Published July 1, 2005
WASHINGTON - The White House said Thursday it was investigating whether Iran's new president played a role in seizing the American Embassy and holding 52 U.S. captives a quarter century ago. President Bush said the allegation by former hostages "raises many questions."
The administration was reviewing its files on Iranian President-elect Mahmoud Ahmadinejad after the hostage accusations came to light.
"I have no information, but obviously his involvement raises many questions," Bush said in an interview with foreign reporters. The administration said it would have to deal with Ahmadinejad, regardless of his past.
Ahmadinejad has been the mayor of Tehran and, according to his associates, was a member of the radical student group that planned the embassy takeover in 1979. But his associates say he opposed the plan and did not take part in holding hostages because he preferred instead to target the Soviet Embassy.
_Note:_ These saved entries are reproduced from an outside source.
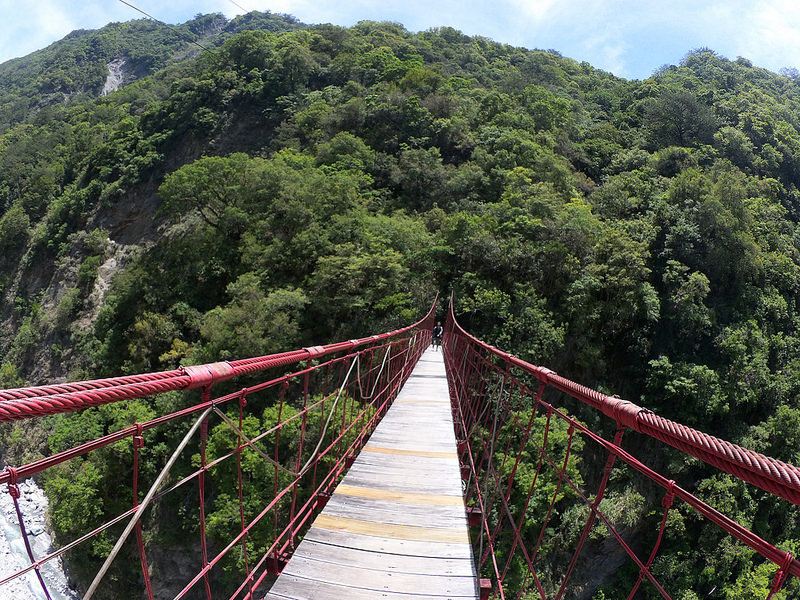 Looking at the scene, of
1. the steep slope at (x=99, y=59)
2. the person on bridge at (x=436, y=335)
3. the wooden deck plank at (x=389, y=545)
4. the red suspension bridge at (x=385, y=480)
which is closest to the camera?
the red suspension bridge at (x=385, y=480)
Six former hostages have said they recognized Ahmadinejad from television coverage and photos as one of their captors during the 444-day ordeal.
William A. Gallegos, who lives in suburban Denver, wrote in an e-mail concerning Ahmadinejad: "I remember him being one of the leaders at the beginning of the takeover. He was also present during my interrogations. He did not take part, but was present in the background and he always seemed to be in charge of the guards who watched over us."
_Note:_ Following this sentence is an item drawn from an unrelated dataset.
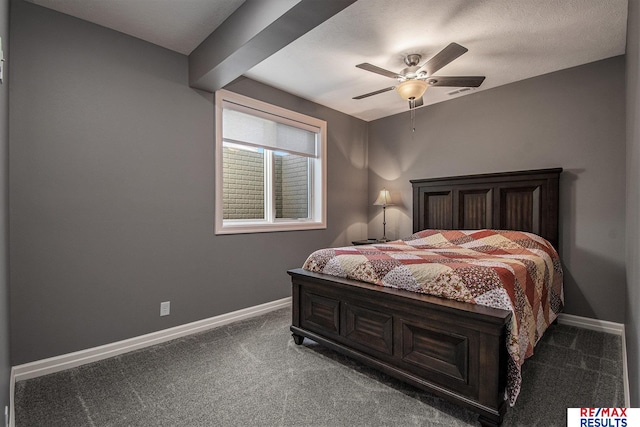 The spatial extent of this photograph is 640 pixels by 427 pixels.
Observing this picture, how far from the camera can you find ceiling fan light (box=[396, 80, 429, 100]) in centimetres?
255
It was unclear whether the administration had explored previously whether Ahmadinejad was involved in the hostage episode. National security adviser Stephen Hadley said the United States has followed his career. "Obviously, one of the things you do when you get a report like this is look back and see what you have in the files, and that's the process that's going on now," Hadley said.
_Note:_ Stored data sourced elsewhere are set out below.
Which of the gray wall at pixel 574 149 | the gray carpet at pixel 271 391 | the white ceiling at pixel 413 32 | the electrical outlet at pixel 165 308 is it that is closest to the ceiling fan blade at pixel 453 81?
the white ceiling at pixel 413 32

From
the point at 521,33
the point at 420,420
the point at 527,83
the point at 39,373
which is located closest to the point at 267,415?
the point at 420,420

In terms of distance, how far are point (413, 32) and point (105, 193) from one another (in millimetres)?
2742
Militant students seized the U.S. Embassy in Tehran on Nov. 4, 1979, and held the U.S. hostages in reprisal for Washington's refusal to surrender ousted Shah Mohammed Reza Pahlavi for trial. The shah had fled Iran earlier that year after he was overthrown by the Islamic Revolution.
Ahmadinejad resembles a thin, bearded man pictured on Nov. 9, 1979, holding the arm of a blindfolded hostage and displaying him to the crowd outside the embassy.
Hadley said the White House was looking into the photographs and had not reached any conclusions. "They are allegations at the present time," he said. "We need to get the facts."
Hadley said the United States would have to deal with Ahmadinejad, even if the administration did not approve of the way he was elected. Bush denounced the election earlier this month, saying it was designed to maintain power in the hands of an unelected few.
Bush said his primary concern, however, was to to ensure that Britain, France and Germany, who have been negotiating with Iran to stop its alleged nuclear ambitions, make clear to Ahmadinejad that a nuclear-armed Iran will not be tolerated.